The IFC has been using its performance standards system for over six years now, and the aim of the research project (finally he gets to the point…) is to assess how much impact it has had on the 1800 or so businesses that have been taken on as IFC clients since then. We’re going to be looking at how IFC staff go about assessing whether businesses applying for investment are in compliance with its standards, and how – and how effectively – it helps those that are not to meet them. We’re going to be asking managers and workers in IFC-funded businesses whether they think that anything significant has changed as a result of having to get in line with the performance standards. And we’ll be comparing employment practices in client businesses with those in similar businesses in the same region that have not had any IFC investment to see what, if anything, is different about the way those businesses are run. We’re interested in all aspects of employment practice, but we’ll be focusing in particular on freedom of association, which is to say the degree to which employees are able to organize themselves into unions or other types of worker organization and to bargain about pay and conditions with their employers.

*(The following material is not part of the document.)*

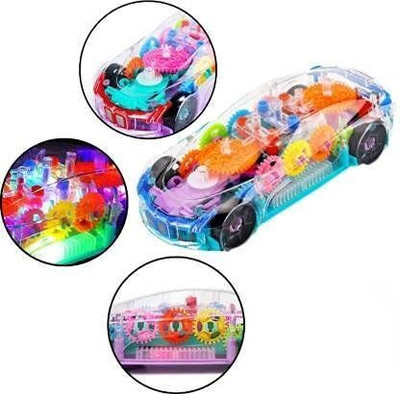 Mahi Zone Musical Concept Car 3D Lights Transparent Car_327M(Multicolor)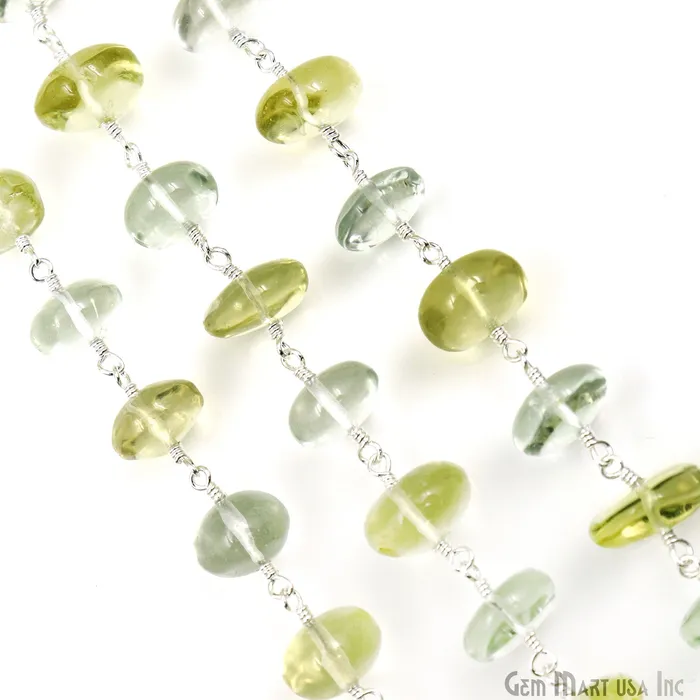 Green Amethyst Lemon Topaz Cabochon Beads 910mm Silver Wire Wrapped Rosary Chain GemMartUSA Necklaces Green Amethyst Lemon Topaz Cabochon Beads 910mm Silver Wire Wrapped Rosary Chain GemMartUSA Necklaces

As well as me and Jean-Christophe Graz at the University of Lausanne, the project involves Frank Hoffer of the ILO’s Bureau for Workers’ Activities (which is also home to the coordination of the Global Labour University and the Global Unions Research Network), Layna Mosley of the University of North Carolina at Chapel Hill, Christoph Scherrer of the University of Kassel and Fiona Murie of the Building and Woodworkers International.
The project officially starts in January 2013 – at least, that’s when the money starts to arrive – and will last 2 years. I’ll be posting stuff here about it, irregularly I expect, so tune in for the next exciting episode, which will probably be something to do with trying to get in touch with the IFC itself.